You will find, for example, that most of the abolitionists before the Civil War held the same basic view of black people as did the southern slave-owners. Almost all of them believed black people inferior to white people. They just objected to black people being enslaved. We look at them and think: Good grief, how could they have believed that?
“Every age has it own outlook,” Lewis says. “It is specially good at seeing certain truths and specially liable to make certain mistakes.” And therein, he explains, lies a lesson for our reading.
He wrote this in the introduction to an Anglican nun’s translation of one of the early Church’s classic works, St. Athanasius’ On the Incarnation. You can find it now titled “On the Reading of Old Books” in the collection called God in the Dock.

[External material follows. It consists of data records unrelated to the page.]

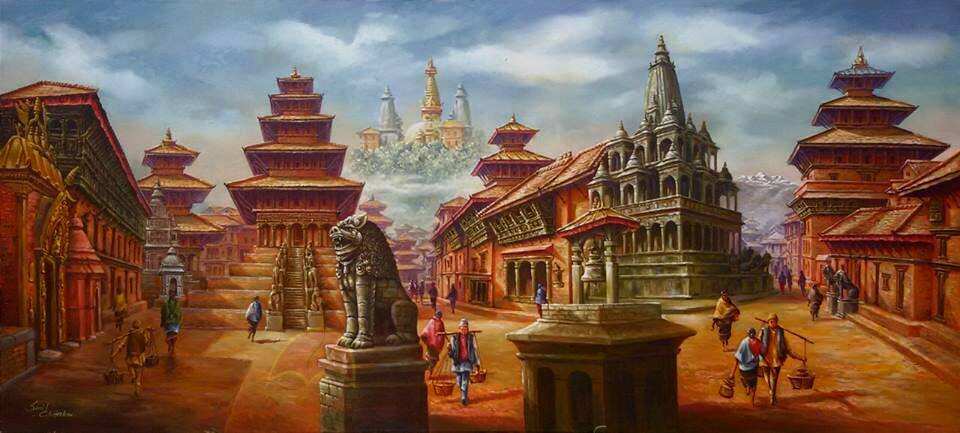 Nepali City at Nepal Festival in Melbourne, Australia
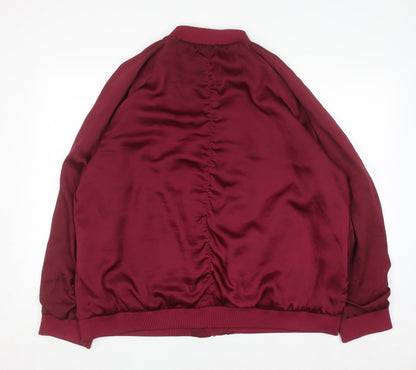 Womens UK Size 26 Capsule Red Bomber Jacket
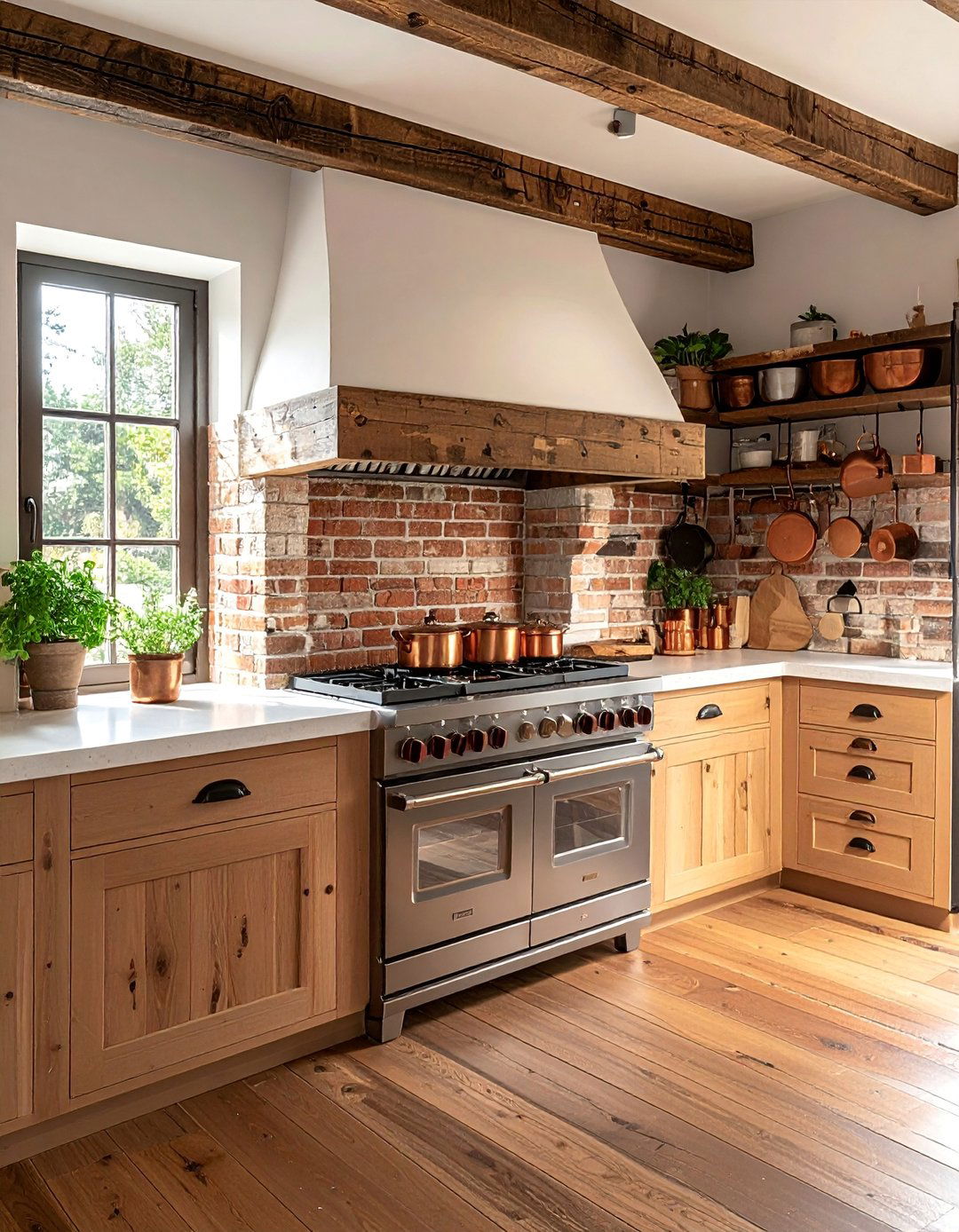 Exposed Brick Kitchen Stove Alcove - 20 Kitchen Stove Alcove Ideas for a Cozy Cooking Nook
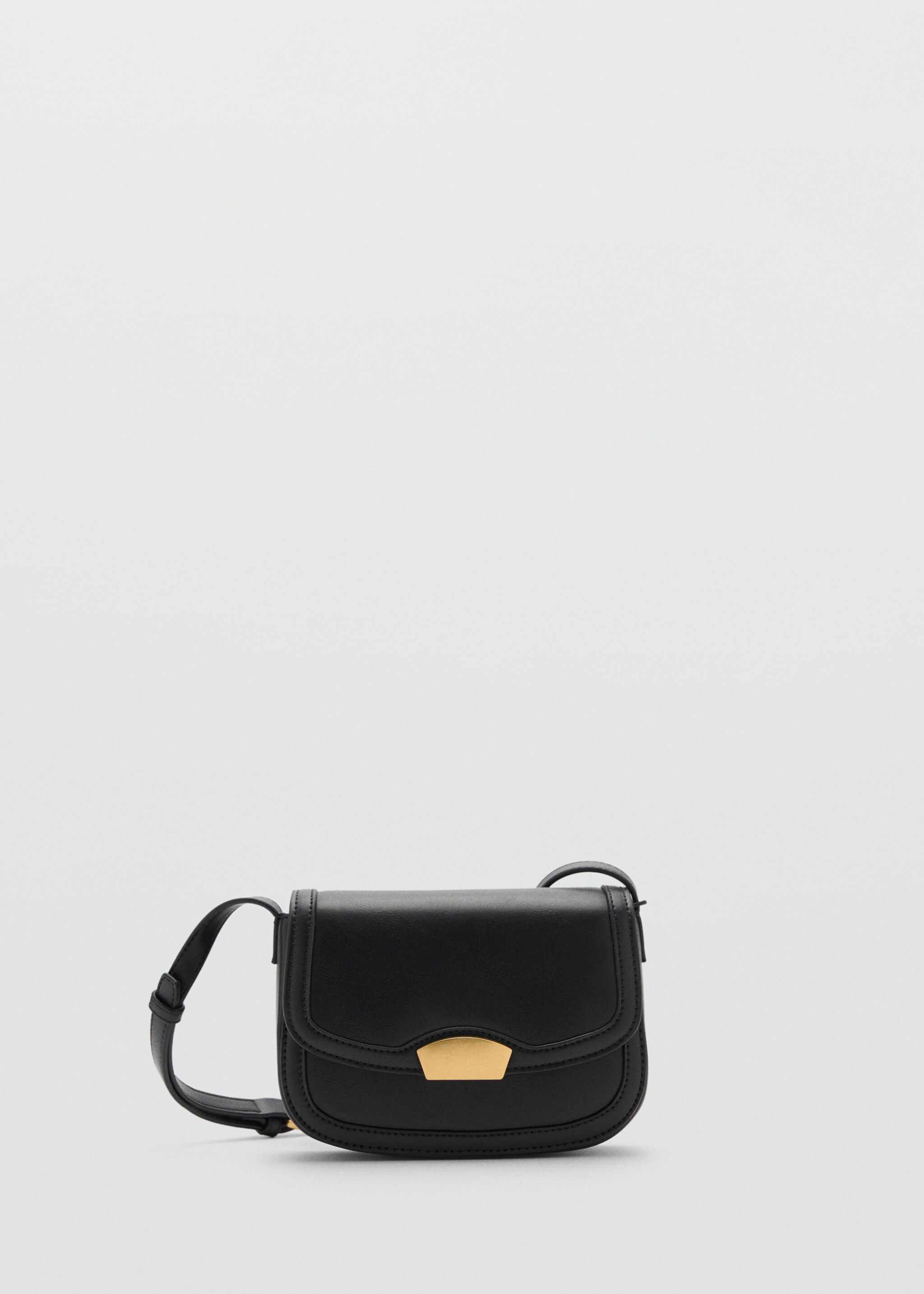 Crossbody bag with flap - Article without model, Black. Ref: 87050406-00.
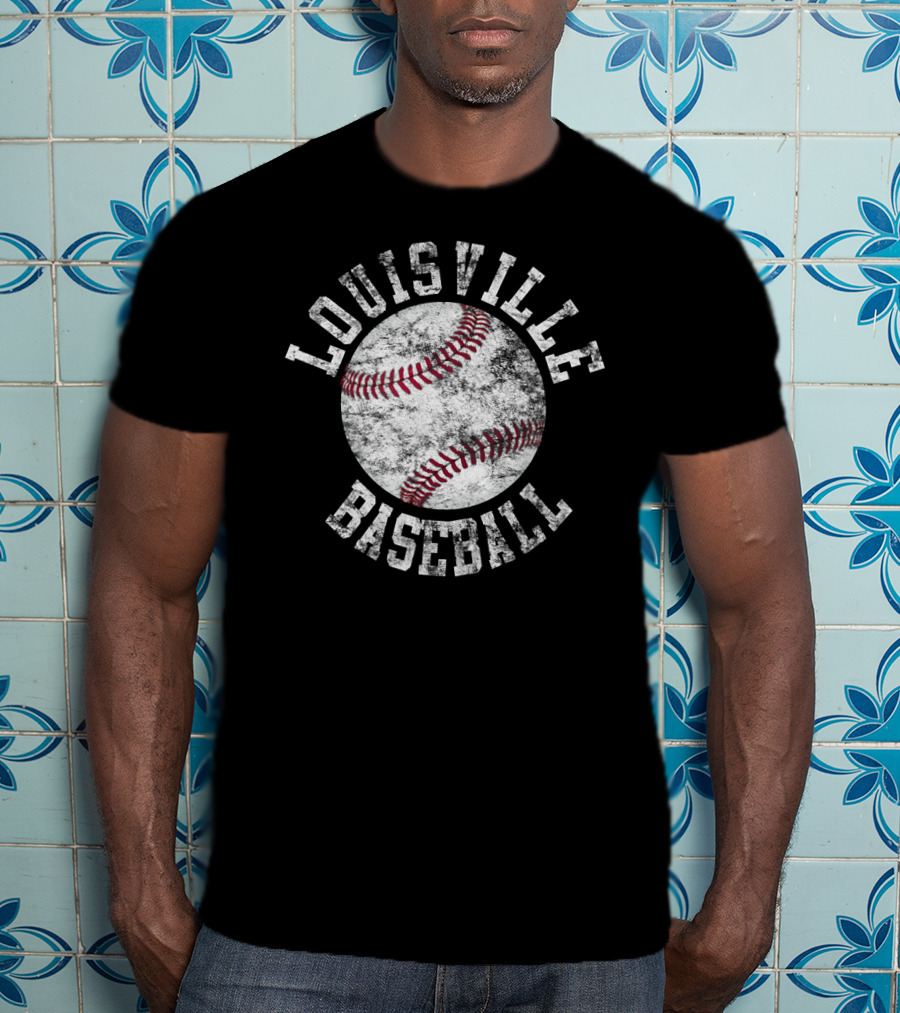 Louisville Baseball Vintage Style Retro Ball T-Shirt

Lewis warns us amateurs that we don’t know enough to spot the problems with new books. We don’t know the history of the argument well enough. We also don’t know the current debate well enough.
He likens our reading to joining a conversation three hours after it started. We’ve missed too much to get the point. You’ve probably had the experience of joining a group when they’ve been talking a while and hearing everyone crack up when someone makes what you think a bland remark. Unless we’ve read a great deal for a long time, we’ll be the person who joins the conversation three hours late.
As it happens, I know something about Lewis and I often think about this when reading a new article about him. The authors almost always make mistakes of fact and often interpret what he says in what I think misguided ways. They often arrange what they know about him to fit their own commitments. Some Evangelicals try to make this very English, very Anglican writer an American Evangelical, and some Catholics try to make this very Protestant writer a Catholic.
We have an even bigger problem, Lewis goes on to say. We don’t know what we don’t know. We’re creatures of our age in ways we don’t see. (I’d add that we are creatures also of our nation, culture, class, race, sex. We’re blinder than we think.) “None of us can escape this blindness,” he says, “but we shall certainly increase it, and weaken our guard against it, if we read only modern books.”
He explains why. Where the modern books “are true they will give us truths which we half knew already. Where they are false they will aggravate the error with which we are already dangerously ill.” The people who wrote the old books aren’t any smarter than we are. There’s nothing magical about the past. “They made as many mistakes as we. But not the same mistakes. They will not flatter us in the errors we are already committing; and their own errors, being now open and palpable, will not endanger us.”
“Two heads,” he continues, “are better than one, not because either is infallible, but because they are unlikely to go wrong in the same direction.” He adds that the books of the future would help in the same way, but they haven’t been written yet, so the past it is.
Lewis offers a practical instruction for us amateurs. “After reading a new book,” he says, “never allow yourself another new one till you have read an old one in between. If that is too much for you, you should at least read one old one to every three new ones.” So one out of two or one out of four.
I’d add two things to Lewis’ instruction. First, of every three or four books you read, read one that you have to work through on a subject you might do something with. That something might just be answering your children’s questions or helping with RCIA. I mean the kind of book you might have to underline, and outline, and make notes to yourself in the back. The mental exercise will do you good and help you understand the subject more deeply than you would if you just read more popular books.
Second, read a book — a good book — from someone writing from a position you disagree with. It might be the same book as the first. Don’t read it to criticize. Try to understand why the writer says what he does, how his vision of the world seems right to him, how his claims make sense to him. You will probably learn things from him that people on your side won’t tell you. If you have to argue with his peers, or have to explain to someone what’s wrong with his ideas, you’ll do much better because you’ll be hitting what he actually believes.